We have long held the shape of real estate returns is attractive over the long term and real estate also offers diversification benefits within a multi-asset portfolio. Of more immediate importance, however, we now think there are particular reasons to be positive towards the sector at the current time.
Listed real estate companies are almost all on a sound commercial footing. Balance sheets have been restored where necessary and revenue accounts are generally founded on relatively long leases and loan durations. Vacancy rates, levels of bad debt and tenant delinquency have risen far less in the last few years than during the property crash in the early 1990s, meaning absolute revenue levels fell less from peak to trough than was expected.
One of our main concerns for the property markets over the last few years was commercial real estate (CRE) debt refinancing. We worried the scale of debt maturing between 2009 and 2013 was such that it would swamp available debt and equity, leading to a further plunge in property values. Not only has this not happened but we are now confident it will not materialise at all.
We believe as the full horror of the credit crisis reverberated throughout 2007 and 2008, the main lending banks had very little idea of what they had to deal with within their property lending books. Real estate loan books were effectively frozen while banks put their houses in order, and this may well have prevented losses within commercial property markets.
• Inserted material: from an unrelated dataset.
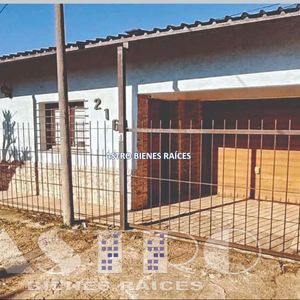Casa Cuatro Dormitorios Melo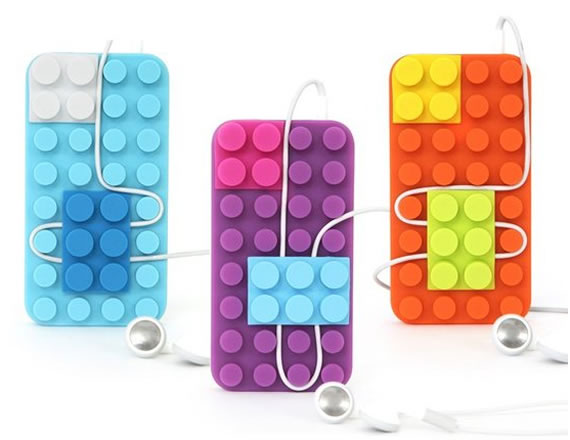 The LEGO inspired Connect Design Block Case for the iPhone 4/4S LEGO Block iPhone Case 1 The LEGO inspired Connect Design Block Case for the iPhone 4/4S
Since 2009, UK real estate values have recovered approximately 15%-20% from their trough (44% peak to trough fall according to UK IPD) and this significantly reduced the scale of the CRE debt refinancing issue. Furthermore, DTZ now estimate there is $145bn of equity available for investment into European commercial real estate between now and 2013 compared to a debt funding gap (DTZ define this as the difference between the existing debt balance as it matures and debt available to replace it) of $126bn.
These statistics bode well for real estate investment markets. That is not to say the path will be entirely smooth. Investment demand is likely to be focused on specific markets and sectors, which will not necessarily coincide with where the debt needs to be refinanced. Similarly, equity investors are not always prepared or able to take over real estate loans or to participate in joint ventures.
However, the really important issue is what we once viewed as an almost insurmountable problem now appears to be solvable. In the usual way, market pricing will differentiate between high and low demand areas of the market. Yields in low demand areas may have to rise further until there is sufficient demand. This, however, is a normal market – something we have not seen for many years – and the corollary is yields in high demand areas will fall, meaning values will rise.